I tried to think of a good recent example of real constitutionalism in the last couple of years, and God help me, the best example I could think of came from a Democrat: Joe Biden, no less. Remember this moment from a September 2019 Democratic debate? (Start the video and watch it for one minute, ending at timestamp 3:16.)

MUIR: You did bring up assault weapons here, and many of you on this stage have talked about executive orders.

Senator Harris, you have said that you would take executive action on guns within your first 100 days...

HARRIS: Correct.

MUIR: ... including banning imports of AR-15 assault weapons.

HARRIS: That's right.

MUIR: President Obama, after Sandy Hook, more than 23 executive actions, and yet here we all are today.

In recent days former Vice President Biden has said about executive orders, "Some really talented people are seeking the nomination. They said 'I'm going to issue an executive order.'" Biden saying, "There's no constitutional authority to issue that executive order when they say 'I'm going to eliminate assault weapons,'" saying, "you can't do it by executive order any more than Trump can do things when he says he can do it by executive order."

Does the vice president have a point there?

BIDEN: Some things you can. Many things you can't.

MUIR: Let's let the senator answer.

HARRIS: Well, I mean, I would just say, hey, Joe, instead of saying, no, we can't, let's say yes, we can.



BIDEN: Let's be constitutional. We've got a Constitution.

I am not a fan of Joe Biden. Nobody could read Robert Bork’s The Tempting of America, as I have, and come away with a view of Joe Biden as a constitutional scholar or as a particularly honest man. I’m not even going to assume that Biden was being sincere there. But none of that really matters to the overall point, which is to focus on Biden’s statement that he is constrained from taking executive action on assault weapons because of the Constitution.

That is constitutionalism. It’s when you’d like to take an action or position, but you are prevented from doing so because you have studied the document and determined that it prevents you from doing what you want to do.

The second impeachment of Donald J. Trump illustrates, as well as any example that comes to mind, how the so-called “constitutionalists” have twisted the meaning of the Constitution. On January 26, 2021, Senator Rand Paul offered a point of order arguing that this second impeachment effort is unconstitutional because President Trump is no longer in office. The point of order was garbage, as I will show below. Yet almost every Republican senator voted for it. [UPDATE February 7, 2021 at 5:53 p.m.: reader B.W. notes that as a technical matter, the vote was on a motion to table the point of order. While most senators have treated that vote as more or less equivalent to an opinion on the constitutionality of the impeachment, a couple of senators (John Thune and Rob Portman) voted against tabling the motion, but indicated that they did not feel bound by that vote to rule a certain way on conviction. Thanks to B.W. for that clarification.]

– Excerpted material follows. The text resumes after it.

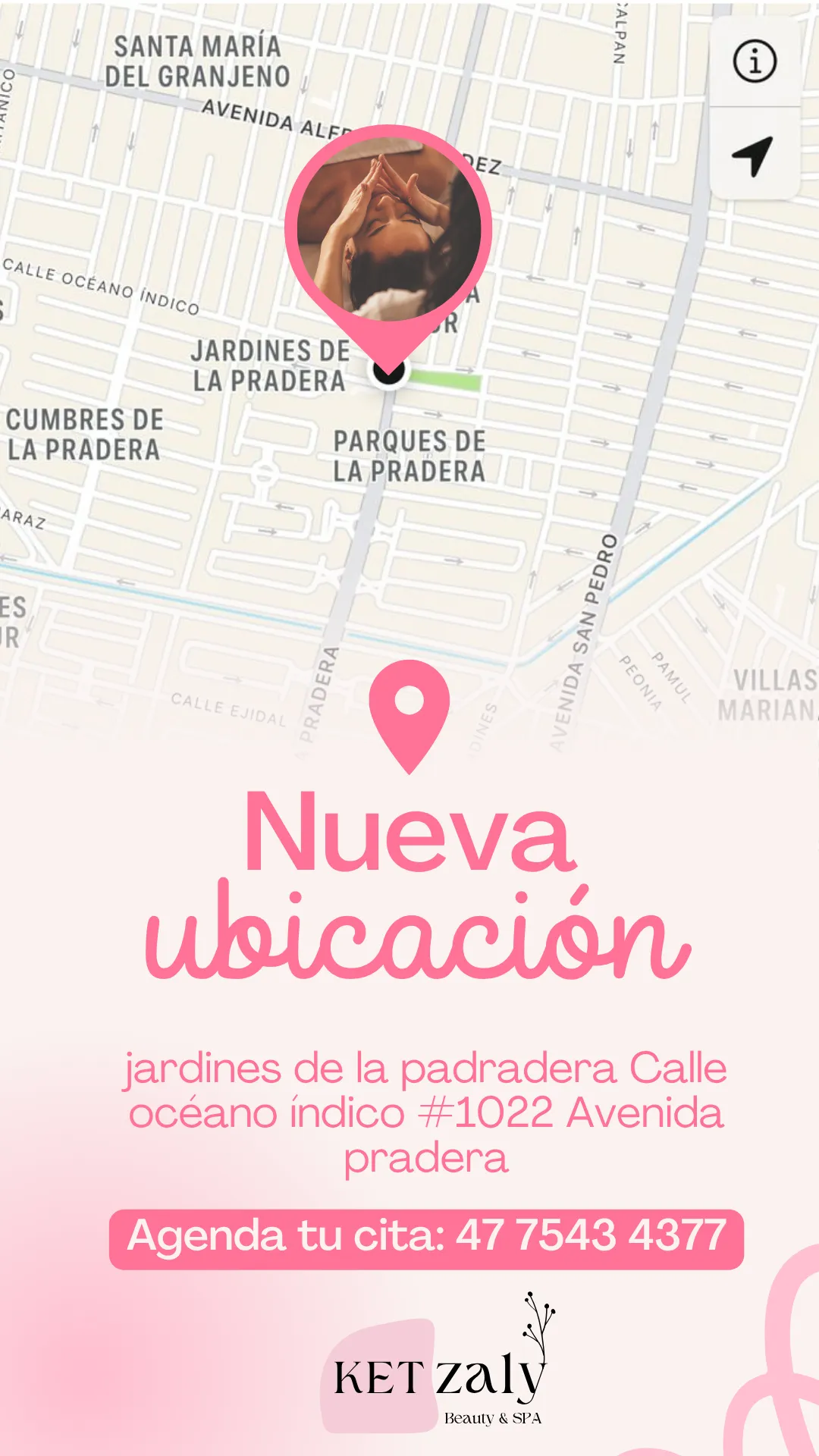 Diseño 61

Before I discuss the constitutional issues, I think it’s worth taking a moment to step back and gape in awe at the absolute nerve of the Republicans’ position on the two impeachments of Donald Trump. Here’s how they have gone:

Impeachment #1:

  • Democrats: We’re impeaching Donald Trump!

  • Republicans: [Vote not to hear any evidence at the trial]

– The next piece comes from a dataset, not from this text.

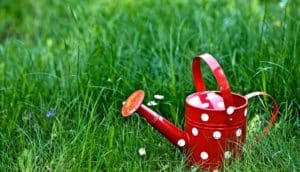 watering can in grass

  • Republicans: There was insufficient evidence to convict!

Impeachment #2:

  • Democrats (and some Republicans): We’re impeaching Donald Trump again!

  • Republicans: [Delay trial until Trump is no longer President]

  • Republicans: It’s too late to convict because Donald Trump is no longer president!

Like porridge that is either too hot or too cold, an impeachment of your guy is either too rushed or it’s too late. The only time the impeachment will be just right is when it’s an impeachment of the other guy.

So-called “constitutionalists” will tell you that the latest impeachment proceeding, which is due to start the day after tomorrow, is unconstitutional — or at least that there is a serious debate about whether it is. As one example, here’s a statement from Mike Lee (and what a disappointment he has been to me personally):

If the Senate were to adopt a broad interpretation of the impeachment power—one allowing federal officials to be convicted on impeachment charges even after leaving office—the result would not only be problematic, but also contrary to the most natural reading of the text, structure, and historical understanding of the Constitution.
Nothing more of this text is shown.